USC Digital Folklore Archives / Posts Tagged ‘panchthantra’
Narrative
Tales /märchen

The Monk and the Mouse

The tale: “So this monk was sitting on the beach when a kite fly, which I don’t really know what that is, but he saw a kite fly carrying a mouse and the mouse fell on the monk. So the monk wrapped the mouse with a leaf and took it home and prayed that the mouse would turn into a girl. And the mouse turned into a really beautiful girl, and the monk and his wife adopted her, so she like grew up and um, when she was an adult the monk told her that she should get married. And he told her to choose a man to marry, and the girl said she wanted like the most powerful man in the entire world. The monk thought she meant that she wanted the sun, so he went to like look for the sun and he found the sun and asked him if he wanted to marry his daughter. But the sun was like there’s someone more powerful than me…it’s um this cloud that covers me up during the day. So the monk left the sun and went to the cloud but the cloud was like there’s someone more powerful than me too, it’s the…um…oh yeah, it’s the wind.
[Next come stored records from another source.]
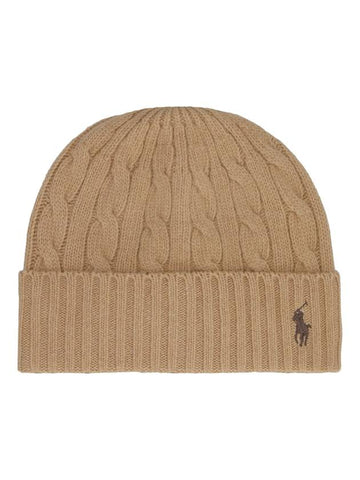 Embroidered Logo Cable Knit Beanie Camel - POLO RALPH LAUREN - BALAAN 1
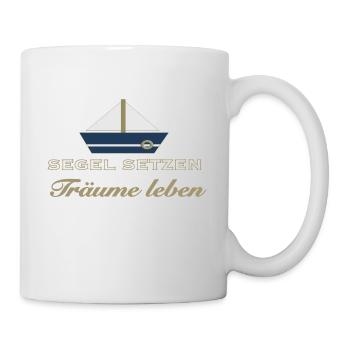 Mettez les voiles, vivez vos rêves - Dicton maritime - Mug blanc - blanc - Droite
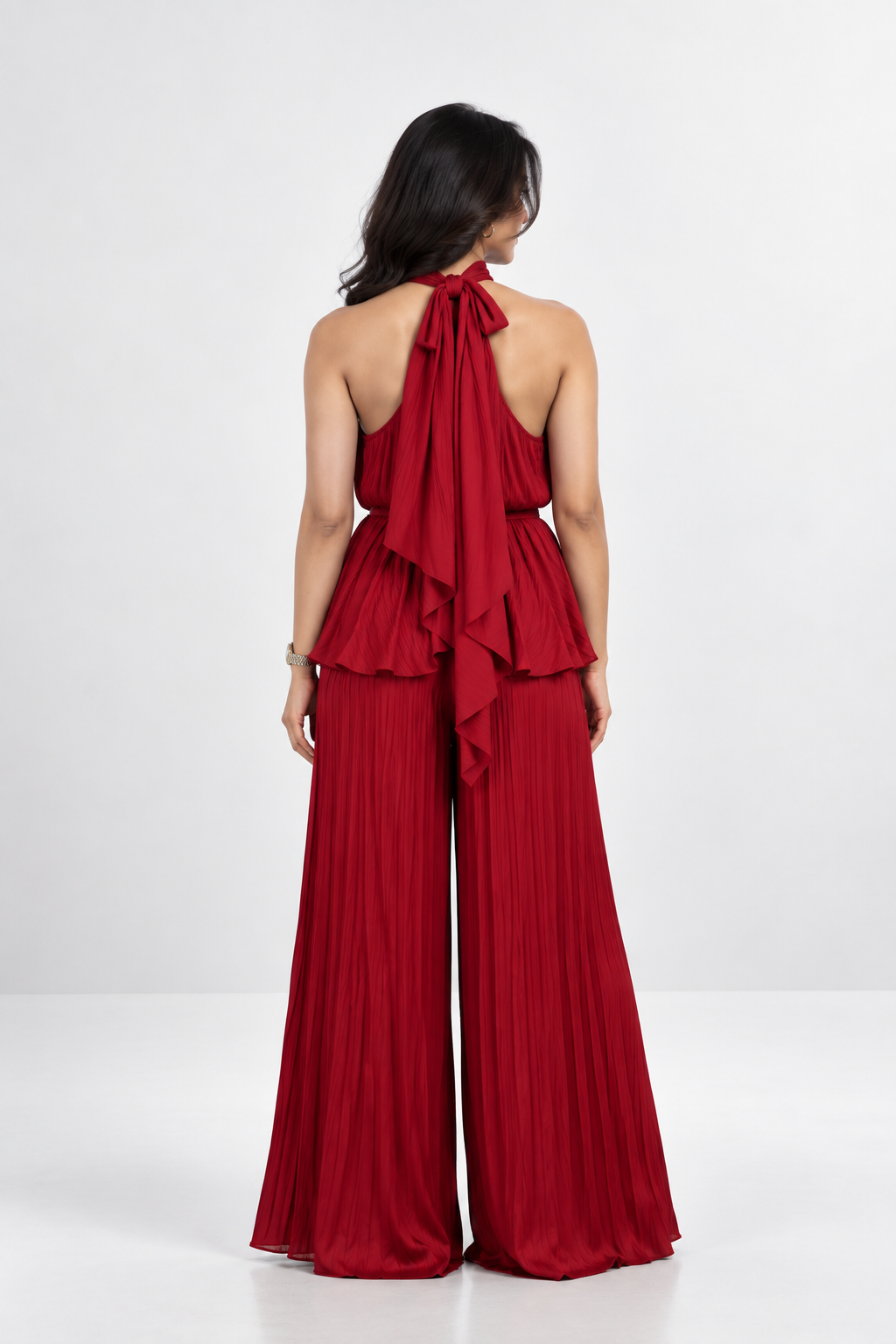 Pleated High-Low Halter Neck Co-ord Set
Because it blows me around. So the monk went to find the wind but the wind was like there’s someone EVEN MORE POWERFUL THAN ME, it’s the mountain, because it doesn’t move when I try to move him. So the monk went to find the mountain and the mountain says that the rat is more powerful because he can dig holes in me. So the monk finally goes to the rat and asks him to marry his daughter, but the rat says that he can only marry a mouse, right? So then the monk prayed that his daughter would turn back into a mouse, which God answered, and the mouse and the rat lived happily ever after.”

 

The informant is Indian American. Her parents are both from India, but she was born in California. She’s not very religious, but she considers herself culturally Indian. When I asked her where she heard this story, she said “The story is from The Panchthantra, which is an Indian book of myths and stories, and I used to have a comic book version growing up.” So the story is clearly a folktale that was transcribed into authored literature, which then became many different versions, one of which was a comic book. It follows traditional oral tradition, the most prominent of which is only two characters in a scene. The monk only speaks to one person at a time. I think the message of the story is to remain humble. The young girl wants the most powerful husband in the world, but it ends up being a simple rat. And even then she cannot marry him unless she is reduced to her original state; so regardless of her transformation into a beautiful woman, and her wish for a powerful husband, she herself is humbled by her transformation and her final choice of husband. I think another message is that power is not where we’ll expect it, and there are many different forms of power. This tale is probably a good one to tell to children who become to over-arrogant.